The new plan was for one battalion, followed by another if things went well, to advance across the plain from Mahdi to Guerinat 4349 – 4250 and for tanks to clear opposition to the right as well as to give support to the infantry.

Incidents – 9th /10th April.       

During the night, 16 DLI placed under command 12 Brigade. After a conference, which lasted from 2200hrs to 2330hrs, Brigade Commander went to Divisional HQ and the IO returned to put SC in the picture at rear Brigade. 3 troops of mules were under command for the operation and it was thought probable that the ground would allow carriers to go up on the objective, while the mules were used for the 2nd line supporters.

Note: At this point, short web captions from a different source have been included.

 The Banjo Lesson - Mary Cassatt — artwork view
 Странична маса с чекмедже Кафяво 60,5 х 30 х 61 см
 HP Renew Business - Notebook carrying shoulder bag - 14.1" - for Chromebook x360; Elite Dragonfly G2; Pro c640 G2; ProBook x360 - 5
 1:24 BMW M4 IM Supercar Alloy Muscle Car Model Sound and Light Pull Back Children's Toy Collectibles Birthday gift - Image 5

The night was quiet and only local patrols were sent out.

Advance to Guerinat – 10th April.

At 0830hrs, Brigade Commander left Command Post to establish Command OP at 4244 and at 0900, 1 RIrF began to filter forward by platoons and coys on Mahdi itself, while 6 Innisks moved up to 16 DLI area ready to follow on. The point was not to commit the main body in the open until it was safe to advance.

Division reported at 1020 that NIH tanks had found no opposition as far as 4747 and believed the ground clear of enemy tanks to 5253. Nothing had been seen on Djebel Rmel 4749. Division then sent a squadron 56 Recce Regiment to come under command NIH 4747 and the next plan (announced by the LO to command post at 1215) was to send 6 Black Watch to Djebel Rhel under command 36 Brigade.

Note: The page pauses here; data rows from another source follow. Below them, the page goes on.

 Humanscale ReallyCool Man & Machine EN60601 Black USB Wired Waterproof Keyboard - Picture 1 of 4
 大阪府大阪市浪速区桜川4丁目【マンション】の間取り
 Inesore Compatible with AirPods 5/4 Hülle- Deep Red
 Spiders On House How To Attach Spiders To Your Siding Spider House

At 1055, 1 RIrF reported they had reached the end of the broken ground on Mahdi and by 1110, the forward troops had reached 430463. At 1245, 1 RIrF reports things going well and pretty quickly at 440479 and estimate to go on in 20 minutes.

Air.

Tac/R gave information of retreating enemy in Dr Bed Valley, and at 0935 saw a large coin of MT 5350 going north east. This target was accepted and at 1115, Hurricanes bombed it with good effect. Infantry, MT and 12 guns were also attacked in wadi 5757.

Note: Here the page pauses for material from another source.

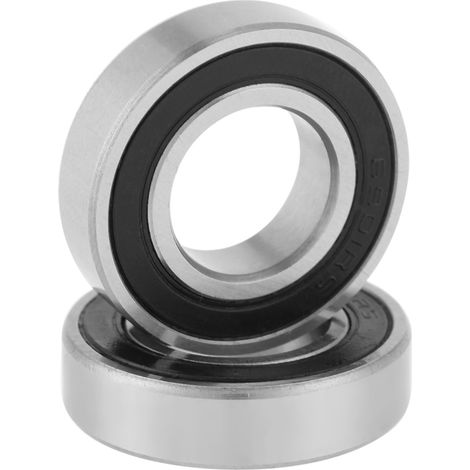 Lot de 10 roulements à billes 6901-2RS, joints caoutchouc étanches, rainure profonde 12x24x6 mm, pour moteurs et applications mécaniques. (1/5)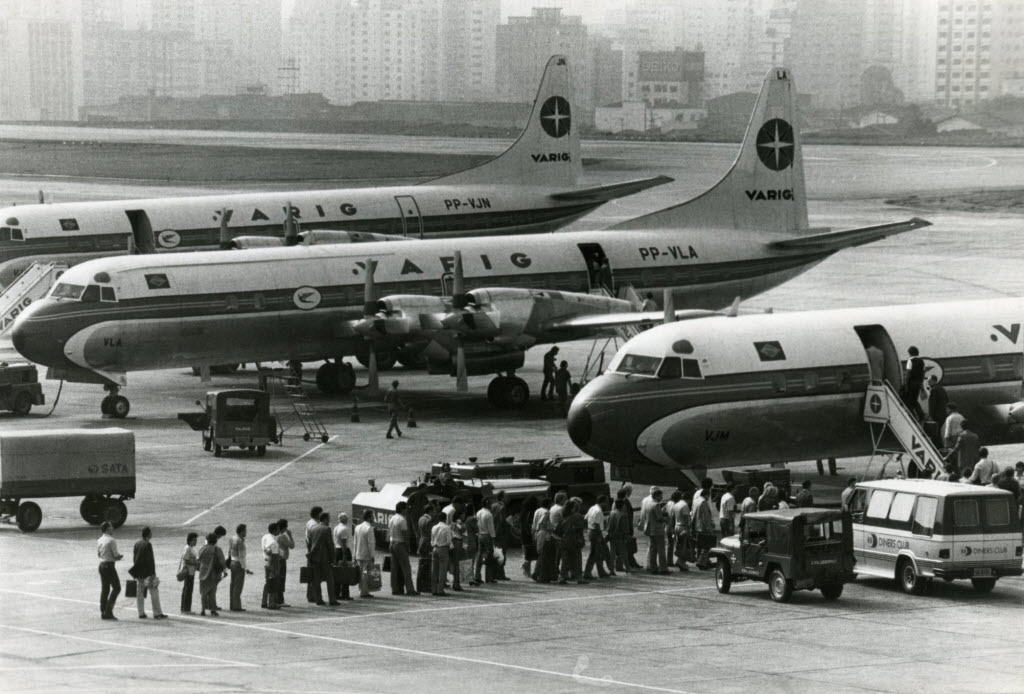 Aviões Electra da Varig - Roberto Faustino - 16.05.1986/Folhapress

Our infantry pushed on entirely unopposed, though the tanks were engaged by mortar fires from 448482 and at 1350 RE was ordered to send a bulldozer to carry on work on the track up to Mahdi. By 1420, a plan with artillery support was made and put into operation and at 1515, 1 RIrF were on objective Djebel Guerinat having experienced no opposition. Only sign of enemy was 30 men and 6 mules at 4055, and they were shelled by our artillery and disappeared south west.

Consolidation was completed by 1730 and daylight patrols north and west of the objective had no contact. Meanwhile, 6 Innisks were called forward to Si Aneur 4447 and 2 Hamps went to Mahdi.

Night – 10th/11th April.

At 1830hrs, command post was moved to 420445 and Brigade HQ and A Echelon moved up at 1930 to farm 386392 and area 3734 respectively. 6 Innisks were estimated to be at Si Ameur 4447 and 1 RIrF on the ridge of Djebel Guerinat. Night patrols to 430515 and 408509 searched the hill slopes at their objectives and found absolutely no sign of enemy. In other respects the night was quiet.

Events – 11th April.

1 RIrF 4349 and 6 Innisks 4447 were still in position and 1 RIrF sent a Coy to 420523 to block the retreat of enemy from Hunt’s Gap area. Nothing, however, came into the net and at 1930hrs, 1 RIrF, followed by 6 Innisks, withdrew to rest area, around Plateau Farm 386392.

Air.

During the day, dive bombers were fairly active in the divisional area. At 1000hrs, a low flying Cannon fighter attacked 6 Innisks and two men were wounded. Brigade Commander was there at the time. At 1315, 10 bombs were dropped 500 yards east of the Command Post 420445 and there were repeated efforts to hit Oued Zarga bridge. During the morning, two Stukas were shot down.

Our air was active against enemy MT and aerodromes. The report is typical:

“Hurribombers attacked Depienne aerodrome. At 1730hrs, 6 to 8 bursts on north west corner of landing ground, two among blast shelters, one on perimeter track, three in centre of landing ground.”

Conclusion.

By 2330hrs, 1 RIrF and 6 Innisks reported in position area Plateau Farm.